A multidisciplinary research team is harnessing modern technology to provide new types of evidence on war crimes and human rights violations.

Civilian casualties of conflict in urban areas are on the rise. This is because the traditional conception of an arena of war no longer applies. Today, most conflicts take place in cities – urban battlefields that are data- and media-rich environments. With partial funding from the EU through the FAMEC project, the independent agency Forensic Architecture (FA) is harnessing the potential of today’s technological advancements to investigate state crimes and human rights abuses committed in cities and buildings.

In the past, evidence on war crimes and human rights violations was based on interviews conducted long after the event. But modern technology has changed this. With the widespread use of digital recording equipment, satellite communication, remote sensing technology and the internet, vast amounts of data are now available to provide novel types of evidence when crimes are perpetrated.

In an interview given to ‘Architectural Record’, FA founder and director Eyal Weizman explains the role that architecture plays in his agency’s work. “[A]rchitecture is a place we depart from; it’s more like an airport than a prison. To provide architectural evidence of, say, a destroyed building in Syria, we are often unable to actually go on-site. We need to locate, verify, analyse, and stitch together user-generated content in order to make a narrative.”

FA uses the images uploaded by people at the site of a conflict to recreate the crimes it’s investigating. To achieve this, it uses models, drawings, maps, web-based interactive cartographies, films and animations that require the wide-ranging expertise of its team. FA has developed a new tool that makes it possible to map complex events such as conflicts, protests, or crises as they unfold, using photography and satellite imaging. Called PATTRN, it’s an open-source platform that allows its users to share and collate first-hand reports of conflicts and to make sense of scattered information.
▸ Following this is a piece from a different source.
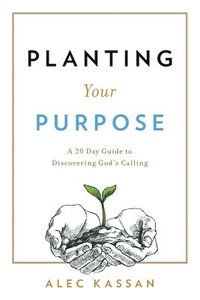 bokomslag Planting Your Purpose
The researchers investigate violent events around the world to provide new kinds of evidence for international prosecution teams, political organisations, non-governmental organisations and international institutions such as the UN. The FA team’s projects include researching torture centres in Cameroon, counter-investigating a secret agent’s testimony in relation to the murder of a young man of Turkish origin in Germany, and recreating a secret Syrian detention centre based on descriptions by its survivors. Another investigation concerns the murder of 6 people and disappearance of 43 students in Mexico when local police attacked a school.

FA’s investigations range from events within war zones to politically and racially motivated violence that occurs outside the scope of military conflict. Its work has made it possible to contest accounts of events given by state authorities. This has led to official inquiries and tribunals.

“We think that there’s great importance in finding new ways of producing solid evidence on which to base our discussions and our political decisions,” says Weizman. “We plan to continue to use architecture as an off-place to understand, analyse, and intervene in political situations worldwide.”

FAMEC (Forensic Architecture: The Media Environments of Conflict) is further developing the field of forensic architecture by exploring new modes of documentation and analysis and how they have changed the relationship between conflict and built spaces. FA will be carrying out new forensic work in Syria, Israel, Palestine and Brazil, in collaboration with leading human rights organisations.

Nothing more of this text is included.